De nombreux témoins oculaires ont déclaré à la BBC qu'ils avaient été battus par des policiers, et que d'autres avaient été attaqués lors des manifestations de dimanche matin, révèle la correspondante de la BBC au Nigeria, Mayeni Jones.

Une jeune femme qui s'était éloignée de la foule lors d'une manifestation a dit qu'elle avait été battue par dix policiers qui lui avaient cassé ses lunettes. Une journaliste de la BBC a également été arrêtée par la police et son téléphone portable cassé par un officier.

Pendant ce temps, le hashtag #EndSARS a été largement partagé sur les réseaux sociaux au Nigeria et dans le monde entier, avec des manifestations qui se sont étendues au Royaume-Uni et au Canada.

Des célébrités, dont les superstars nigérianes Wizkid et Davido, ainsi que l'acteur britanno-nigérian John Boyega, ont soutenu les protestations sur les médias sociaux.

Dimanche, des manifestants, dont Wizkid, se sont rassemblés dans le centre de Londres.

S'adressant à la foule, il a déclaré que le succès du mouvement de protestation montrait un "nouveau Nigeria" où les gens n'auraient plus "peur de dire ce qu'ils pensent".

"La jeunesse nigériane ne laisse personne te dire que tu n'as pas de voix. Nous avons atteint notre objectif - mais ce n'est que le début", a-t-il déclaré.

Comment le SARS a-t-il fonctionné ?

La dernière série de manifestations a été déclenchée par des images d'officiers sortant deux hommes d'un hôtel de Lagos dans la rue et tirant sur l'un d'entre eux.

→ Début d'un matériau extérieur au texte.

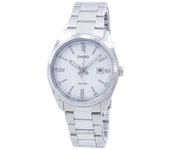 Reloj analógico Casio de cuarzo MTP-1302D-7A1V MTP1302D-7A1V para hombre blanco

Ces images, qui ont été diffusées par les médias, ont suscité l'indignation et ont amené beaucoup de gens à partager des histoires de brutalité attribuées à l'unité, qui a acquis une certaine notoriété pour avoir indûment profilé des jeunes, explique Nduka Orjinmo, de la BBC, à Abuja.

Ceux qui sont considérés comme "tape-à-l'œil" attirent souvent l'attention des officiers du SARS et très peu s'en sortent sans avoir à remettre de l'argent. D'autres sont arrêtés ou emprisonnés sur la base de fausses accusations et certains ont été tués, ajoute notre correspondante.

Plus tôt cette année, Amnesty a déclaré avoir documenté au moins 82 cas de torture, de mauvais traitements et d'exécutions extrajudiciaires entre janvier 2017 et mai de cette année.

Les victimes étaient principalement des hommes âgés de 18 à 35 ans, issus de milieux pauvres et de groupes vulnérables. Beaucoup de ceux qui ont été torturés ont été battus avec des bâtons et des machettes et se sont vu refuser des soins médicaux, a déclaré le groupe.

L'utilisation systématique de la torture ... indique un mépris absolu pour les lois et les normes internationales des droits de l'homme", a déclaré Amnesty.

Pourquoi la réforme n'a-t-elle pas marché ?

Le hashtag #EndSARS a été utilisé pour la première fois en 2018, mais il est réapparu, il y a une semaine.

Il y a eu des tentatives antérieures pour réformer la célèbre SARS. En 2018, le vice-président Yemi Osinbajo a ordonné une refonte de sa gestion et de ses activités.

Puis, l'année dernière, un groupe de la présidence spécialement formé sur la réforme de l'Escouade spéciale de lutte contre le vol a recommandé des réformes ainsi que le licenciement et la poursuite d'officiers désignés accusés d'avoir maltraité des Nigérians.

À l'époque, le président Buhari avait donné trois mois au chef de la police pour trouver un moyen de mettre en œuvre ces recommandations, mais les critiques disent que peu de choses ont changé.